ASSIGNMENT
A word-for-word restatement of the whole listing is the expected answer.

GIVEN MATERIAL
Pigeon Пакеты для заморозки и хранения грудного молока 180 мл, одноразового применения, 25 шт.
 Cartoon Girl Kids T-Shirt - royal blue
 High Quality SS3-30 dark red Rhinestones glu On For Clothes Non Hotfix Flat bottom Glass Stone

EXERCISE RESPONSE
Pigeon Пакеты для заморозки и хранения грудного молока 180 мл, одноразового применения, 25 шт.
 Cartoon Girl Kids T-Shirt - royal blue
 High Quality SS3-30 dark red Rhinestones glu On For Clothes Non Hotfix Flat bottom Glass Stone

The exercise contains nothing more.